Выше говорилось, что люди не смогли этого сделать по причине краткого срока на сборы и стрессовой обстановки. На вопрос можно поставить по-другому: а имелась ли возможность даже самым уравновешенным или заранее приготовившимся к ссылке людям взять самое необходимое в будущие дни или месяцы?

Постановление ГКО СССР "О крымских татарах" от 11.05.1944 г. разрешало "спецпереселенцам взять с собой личные вещи, одежду, бытовой инвентарь, посуду и продовольствие в количестве 500 кг на семью" (Авдет", 16.05.91). Это не слишком много, тем не менее, строгое выполнение Постановления решило бы самые острые проблемы, в том числе проблему простого выживания для десятков тысяч людей. Несколько забегая вперёд, скажем, что это пункт не был выполнен нигде и ни разу.

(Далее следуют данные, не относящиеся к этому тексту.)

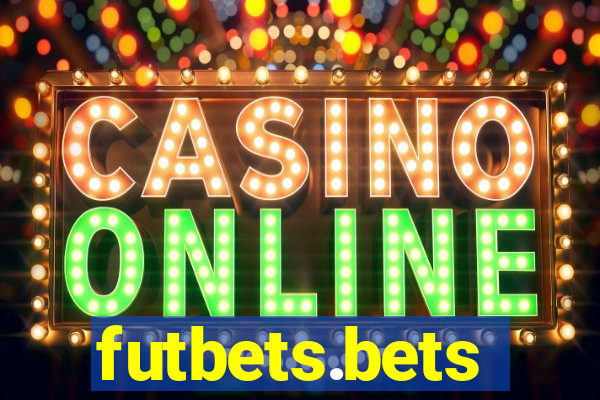 futbets.bets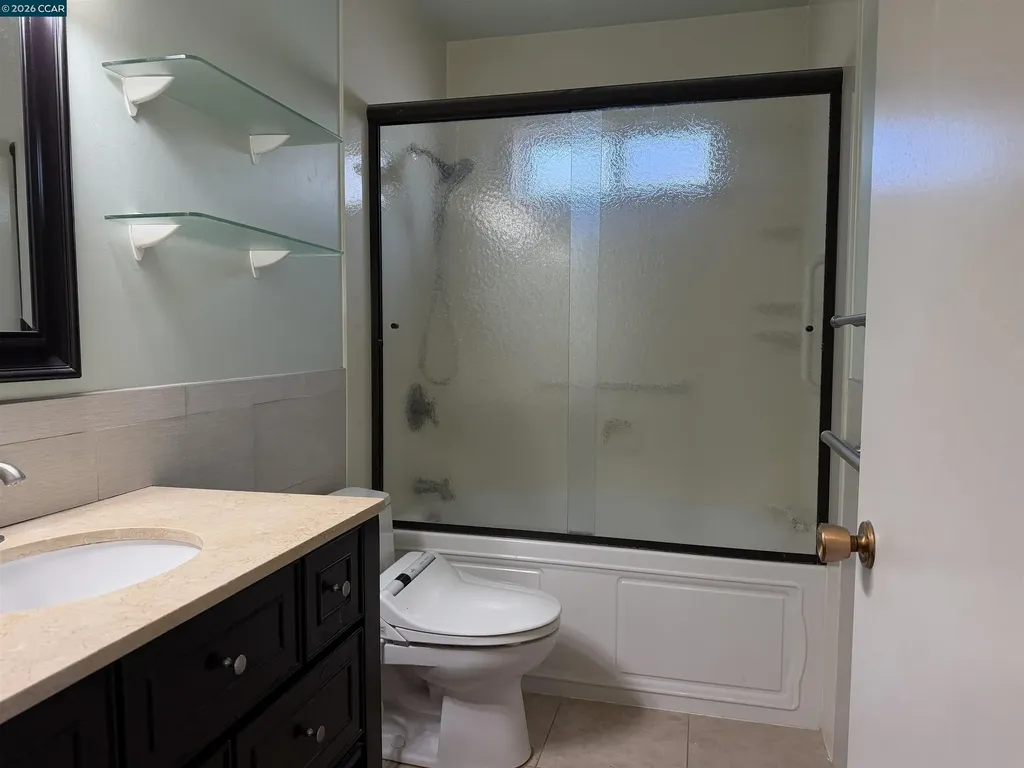 42817 Fontainebleau Park Lane Fremont CA 94538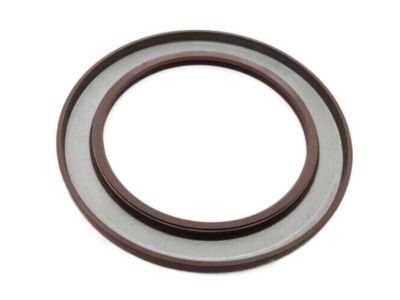 Hyundai 21443-2E100 Seal-Oil Rear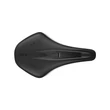 FIZIK Terra Argo X1 kerékpár nyereg - 150 mm - 2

Но здесь возникает уже вопрос об изначальной пустоте этого пункта, о запланированном его невыполнении.

Существует логичное мнение, что такого рода решения принимались в расчёте на пропагандистское воздействие, на оправдание акции геноцида "заботой" обо всё же советских гражданах. Возможно, этим достигалась и ещё одна цель - "скрыть истинный масштаб катастрофы". Но, с другой стороны, как можно говорить о таком воздействии на массы, если Постановление несло гриф "Сов. секретно"? Да и не выполнение этого и некоторых схожих его пунктов (то есть практически отсутствие обеспечения при депортации) можно объяснить и свободной инициативой исполнителей среднего и низшего звена. А конкретных примеров такой инициативы имеется очень много.

Большинство свидетелей событий тех дней согласно показывают, что человек не в силах унести на себе разрешённые полтонны груза, но ведь отбирали 5-10-килограммовые мешочки; бывало, что продукты вообще отбирали полностью, до грамма, не позволяли в огороде пару пучков чеснока выдернуть, а у семьи, не имевшей никаких запасов, кроме полумешка муки, красноармейцы отобрали и это.